**** Input data

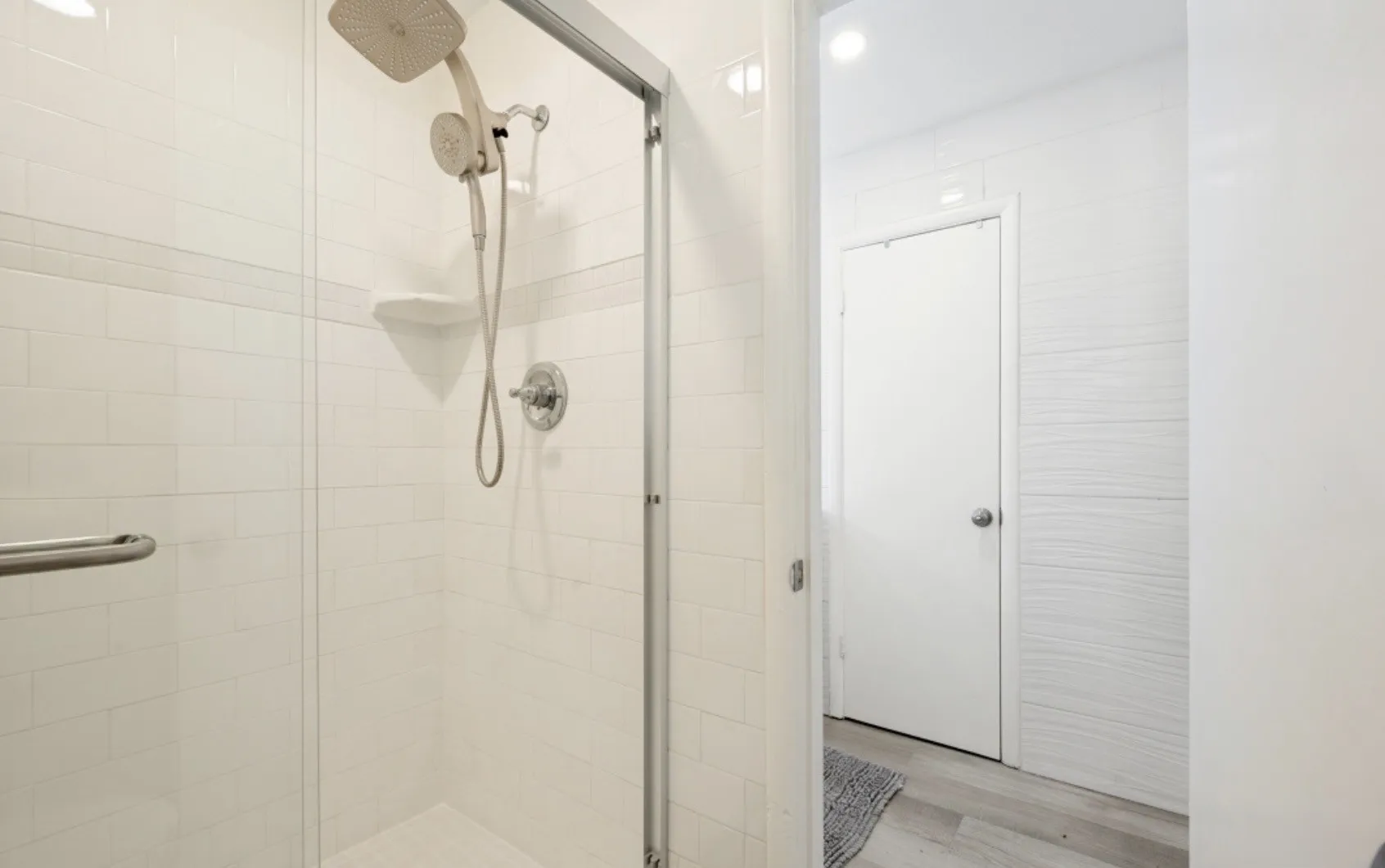 Contemporary shower enclosure featuring clear glass panels and chrome hardware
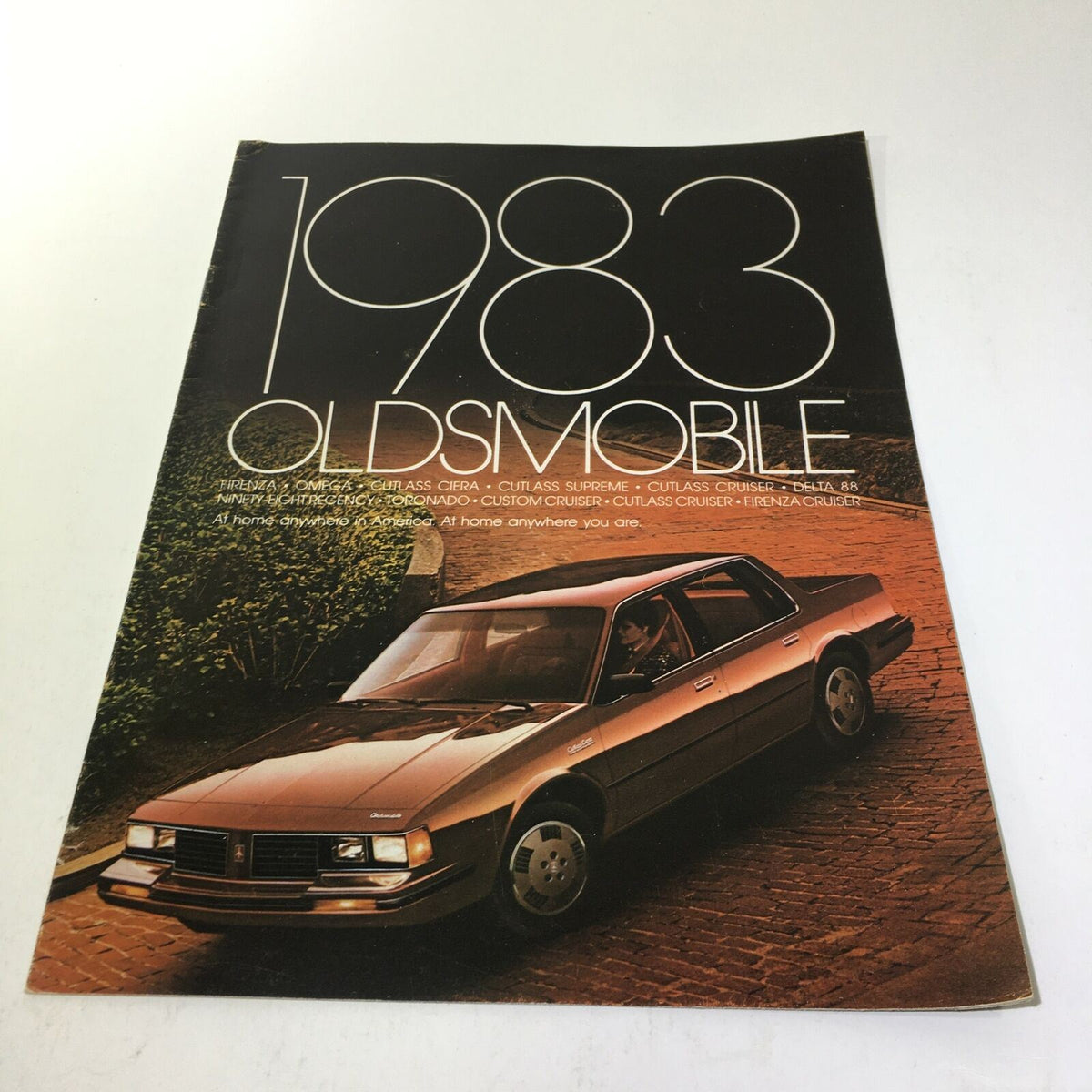 Cover of the 1983 Oldsmobile Firenza 'S' Coupe and 4-Door Sedan brochure featuring a brown car parked on a scenic driveway.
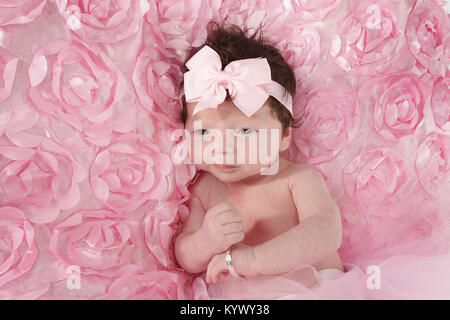 3 week old baby girl with lots of dark hair in too-too laying on rug Stock Photo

********

Problem requirements:
Retype the data above exactly. Leave the pictures out.

Written answer:
 Contemporary shower enclosure featuring clear glass panels and chrome hardware
 Cover of the 1983 Oldsmobile Firenza 'S' Coupe and 4-Door Sedan brochure featuring a brown car parked on a scenic driveway.
 3 week old baby girl with lots of dark hair in too-too laying on rug Stock Photo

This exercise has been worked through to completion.